> [WHAT YOU ARE ASKED TO DO] Reproduce verbatim the lines of the material below, starting at the line with "Will County Pets of the Week: Nov. 3, 2025" and ending at the line with "胖体所罗门无砍平头168", both inclusive; skip the rest.

> [DATA PROVIDED]

▬▬▬▬▬▬

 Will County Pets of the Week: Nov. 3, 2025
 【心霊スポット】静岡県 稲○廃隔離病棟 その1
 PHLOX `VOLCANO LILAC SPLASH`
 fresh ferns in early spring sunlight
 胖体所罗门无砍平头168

▬▬▬▬▬▬

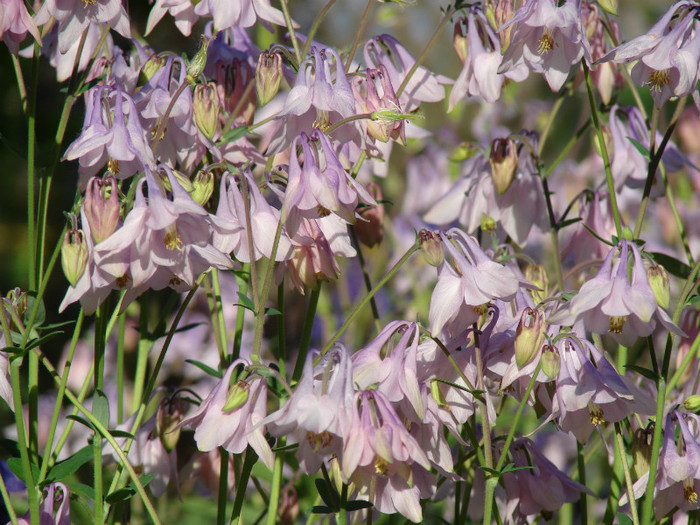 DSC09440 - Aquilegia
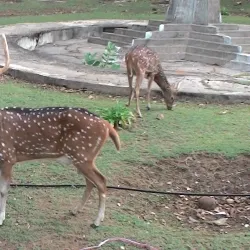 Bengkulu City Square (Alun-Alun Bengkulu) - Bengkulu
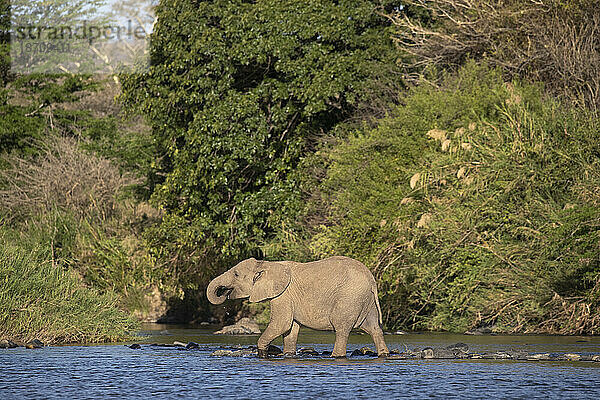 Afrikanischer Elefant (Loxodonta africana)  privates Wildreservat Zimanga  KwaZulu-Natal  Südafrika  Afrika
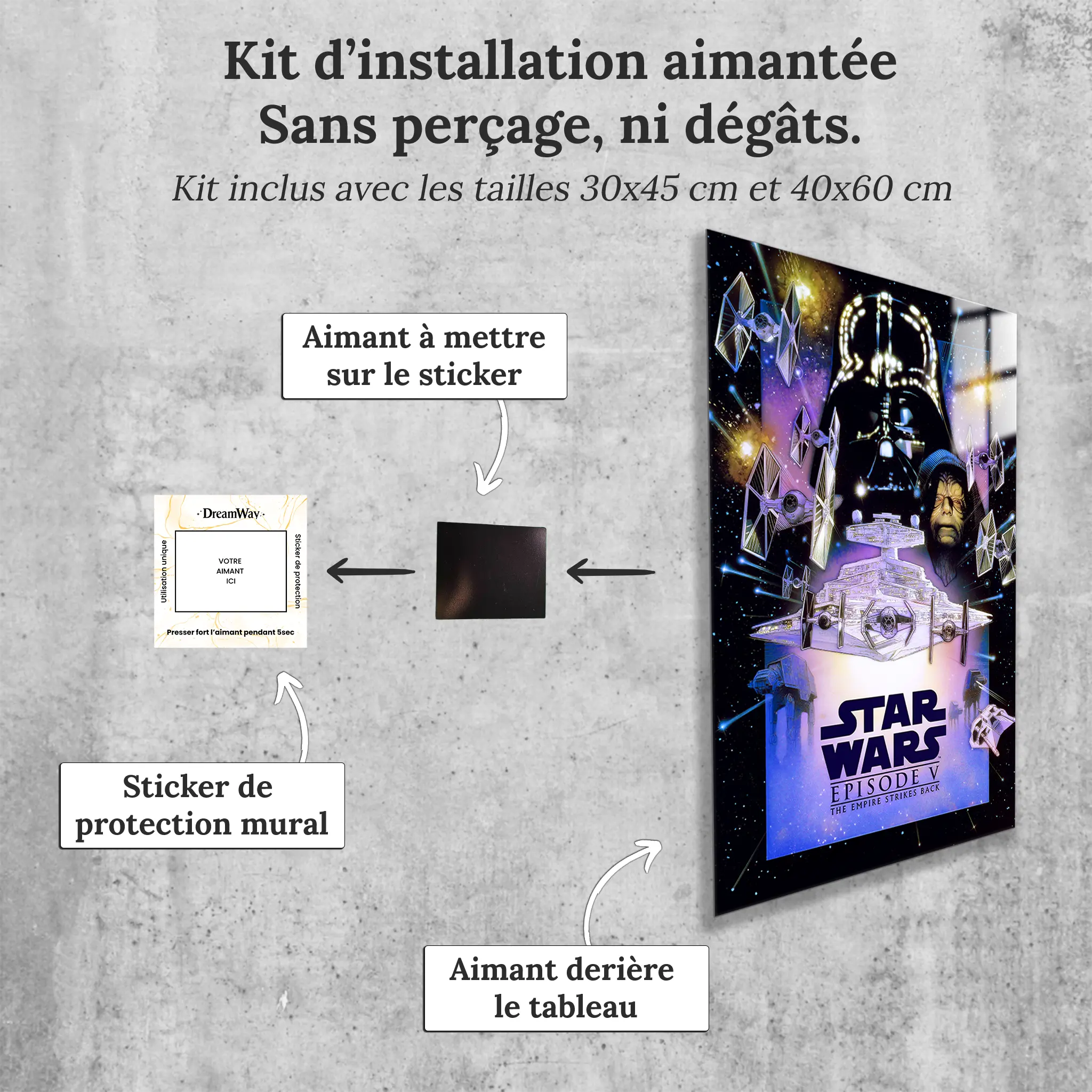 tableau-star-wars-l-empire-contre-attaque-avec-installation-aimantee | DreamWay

▬▬▬▬▬▬

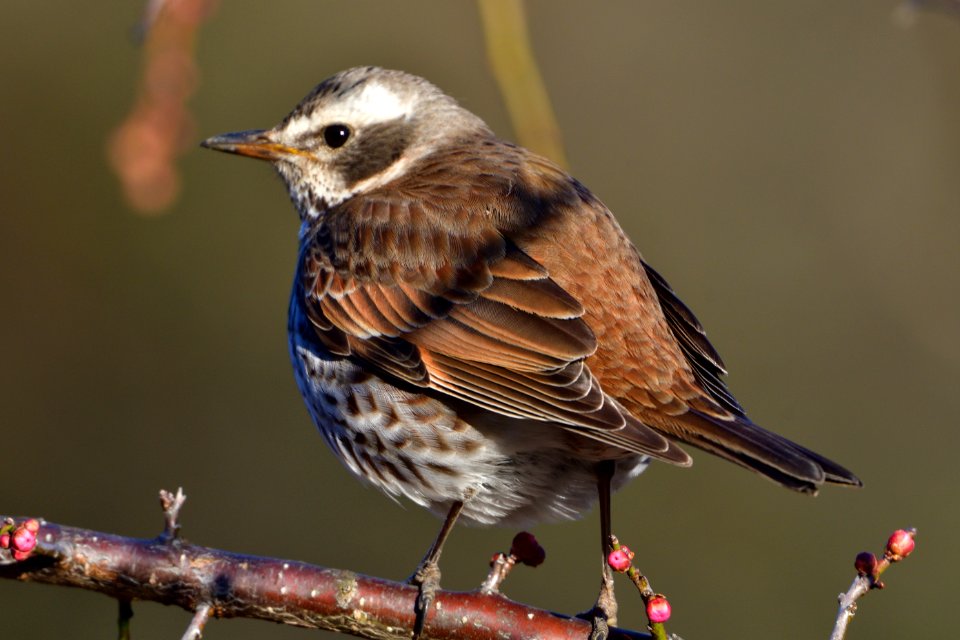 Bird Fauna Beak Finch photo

▬▬▬▬▬▬

> [ANSWER SPACE]
 Will County Pets of the Week: Nov. 3, 2025
 【心霊スポット】静岡県 稲○廃隔離病棟 その1
 PHLOX `VOLCANO LILAC SPLASH`
 fresh ferns in early spring sunlight
 胖体所罗门无砍平头168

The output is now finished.